Instructions for the task —
Return the listing that follows exactly, with no pictures included.

Material provided —
:::
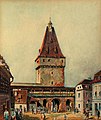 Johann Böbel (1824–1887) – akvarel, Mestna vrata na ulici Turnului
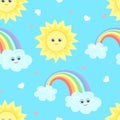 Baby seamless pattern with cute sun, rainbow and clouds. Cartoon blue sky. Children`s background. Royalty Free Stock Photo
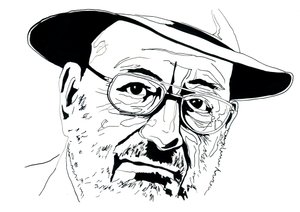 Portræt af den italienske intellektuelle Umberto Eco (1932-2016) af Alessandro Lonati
:::
Exercise solution —
 Johann Böbel (1824–1887) – akvarel, Mestna vrata na ulici Turnului
 Baby seamless pattern with cute sun, rainbow and clouds. Cartoon blue sky. Children`s background. Royalty Free Stock Photo
 Portræt af den italienske intellektuelle Umberto Eco (1932-2016) af Alessandro Lonati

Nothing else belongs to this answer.